Uma linha de conta e cinco campos, todos já disponíveis. Custo por imóvel igual a produção mais horas internas mais retrabalho mais tempo parado. Preencha a produção pela tabela acima; as horas internas pela cronometragem de cinco imóveis; o retrabalho pelo percentual de anúncios que precisaram voltar ao fotógrafo nos últimos noventa dias, aplicado sobre o valor do ensaio; e o tempo parado pelos contatos por semana multiplicados pelos dias de atraso. O resultado é um número por imóvel, comparável mês a mês, que responde a pergunta que a planilha de compras não responde: se o modelo atual está caro ou barato. Quando esse número existe, a escolha entre fotógrafo avulso, equipe interna e plataforma deixa de ser preferência — o comparativo dos três modelos está em fotógrafo avulso, equipe interna ou Piperz.
Perguntas frequentes sobre o custo da mídia por imóvel
Quais são as parcelas do custo de mídia de um imóvel captado?
Quatro: a produção da mídia, que tem preço de tabela; as horas internas de coordenação, que somem no salário fixo; o retrabalho quando o portal recusa ou derruba a imagem; e o tempo em que o imóvel fica na carteira sem anúncio no ar. Só a primeira chega em boleto.
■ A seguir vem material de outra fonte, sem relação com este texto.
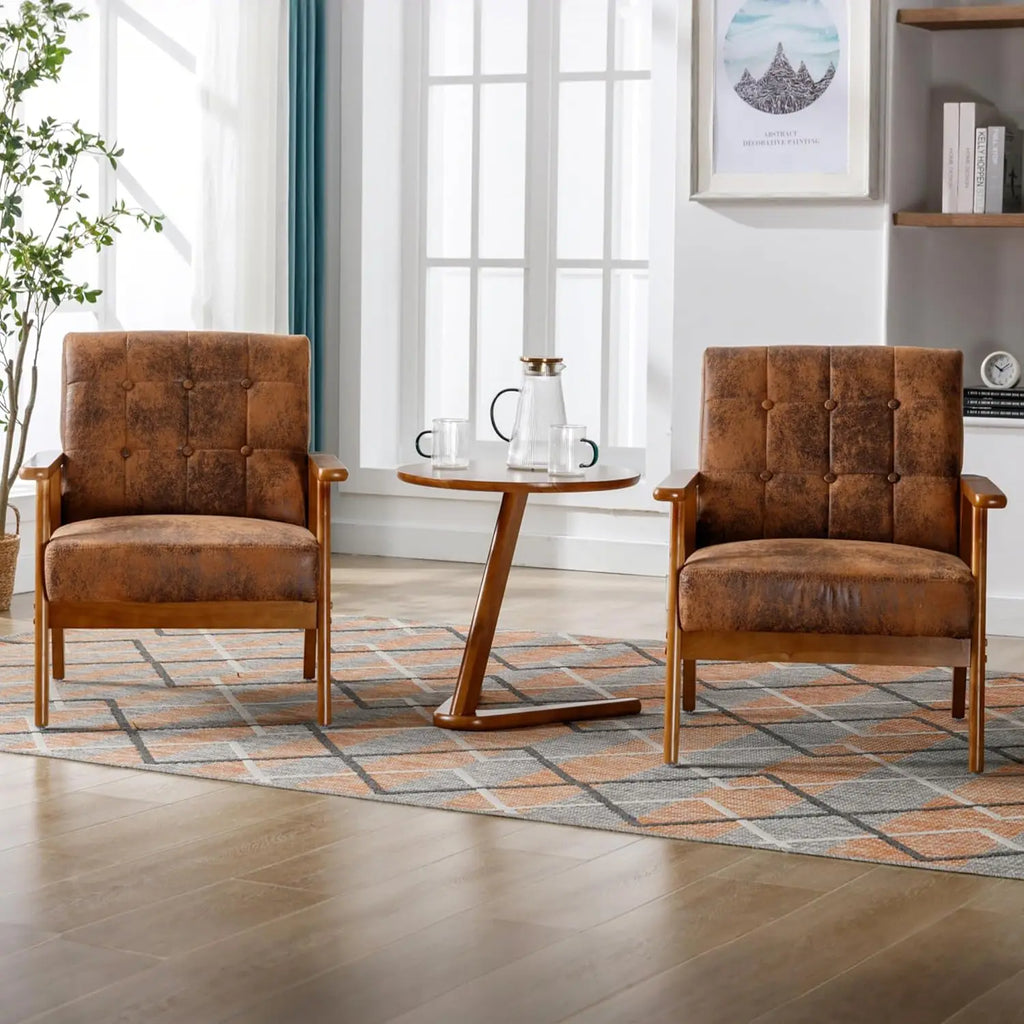 Mid-Century Modern Leather Accent Chair(Set of 2)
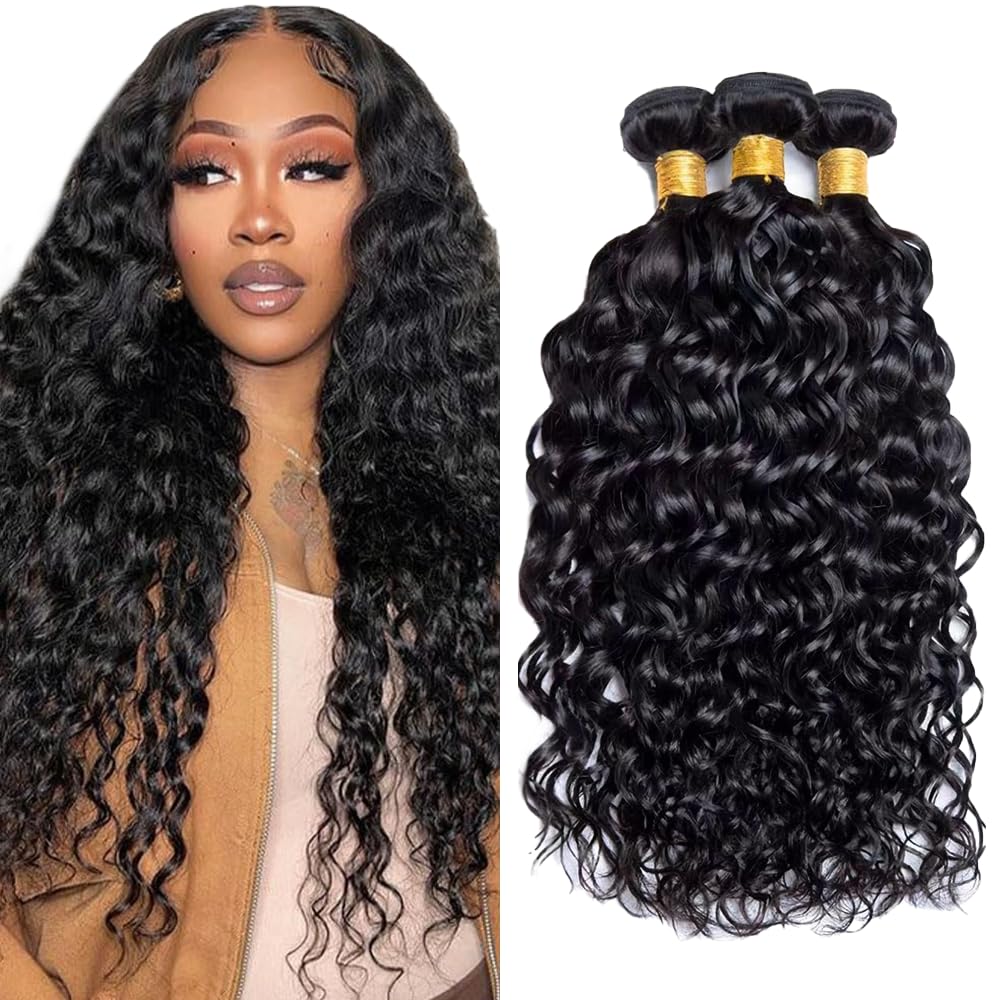 30 32 34 Inch Bundles Human Hair Water Wave Bundles Wet and Wavy Human Hair Bundles Mixed Length Brazilian Virgin 1b Water Wave Bundle Hair Extensions
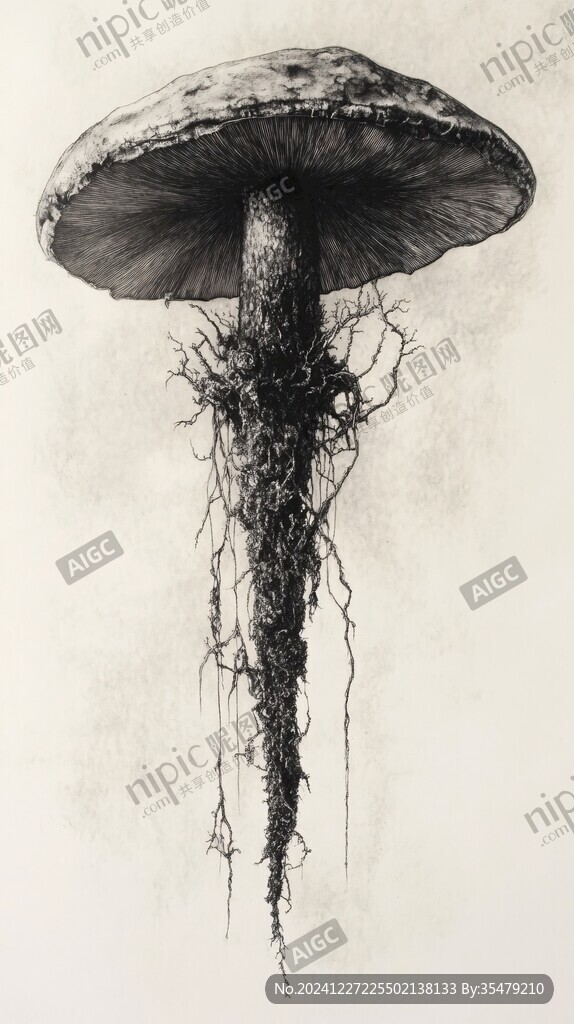 蘑菇素描铜版画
Quanto custa o ensaio de fotos de um imóvel na Piperz em 2026?
A linha Foto Pro custa R$ 95 por imóvel no avulso e R$ 64 por imóvel na assinatura. O vídeo sai por R$ 90, o combo foto mais vídeo por R$ 185 no avulso e R$ 113 na assinatura, a imagem aérea por R$ 290 e a planta humanizada por R$ 149. O tour virtual 3D é sob consulta.
Como medir as horas internas gastas por imóvel?
Cronometrando cinco imóveis reais, da assinatura da exclusividade até a foto publicada, com registro de quem tocou o processo e por quanto tempo. O total é multiplicado pelo custo-hora carregado de cada pessoa: salário mais encargos, dividido pelas horas úteis do mês.
O que acontece com o anúncio quando o portal recusa a foto?
A Política de Qualidade do ZAP Imóveis determina que as fotos que não estiverem condizendo com o imóvel anunciado "serão retiradas do anúncio, ou o anúncio todo será excluído, a critério único e exclusivo do SITE". Na prática o imóvel volta ao começo da fila, e o custo é o ensaio inteiro de novo.
Como calcular o custo total por imóvel captado?
Somando produção, horas internas, retrabalho e tempo parado. A produção sai da tabela de preços; as horas internas, da cronometragem; o retrabalho, do percentual de anúncios que voltaram ao fotógrafo nos últimos noventa dias; e o tempo parado, dos contatos por semana multiplicados pelos dias de atraso até a publicação.
O número que muda a conversa com o fornecedor
Enquanto o custo de mídia for igual ao valor do ensaio, toda negociação vira disputa por desconto — e desconto no ensaio não toca as três parcelas que pesam mais. A operação que mede as quatro descobre, quase sempre, que o dinheiro não está no preço da foto: está nas horas que quatro pessoas gastam empurrando um imóvel até o portal e nos dias em que ele ficou invisível. Esse número não exige sistema novo nem consultoria; exige cronometrar cinco imóveis e olhar noventa dias de histórico. Ele cabe numa planilha, é refeito a cada mês com os mesmos dados e serve para qualquer tamanho de carteira. Na Piperz, a parcela de produção é fixa e publicada, e as outras três encolhem porque o pedido, a agenda e a entrega em D+1 param de depender de memória de alguém.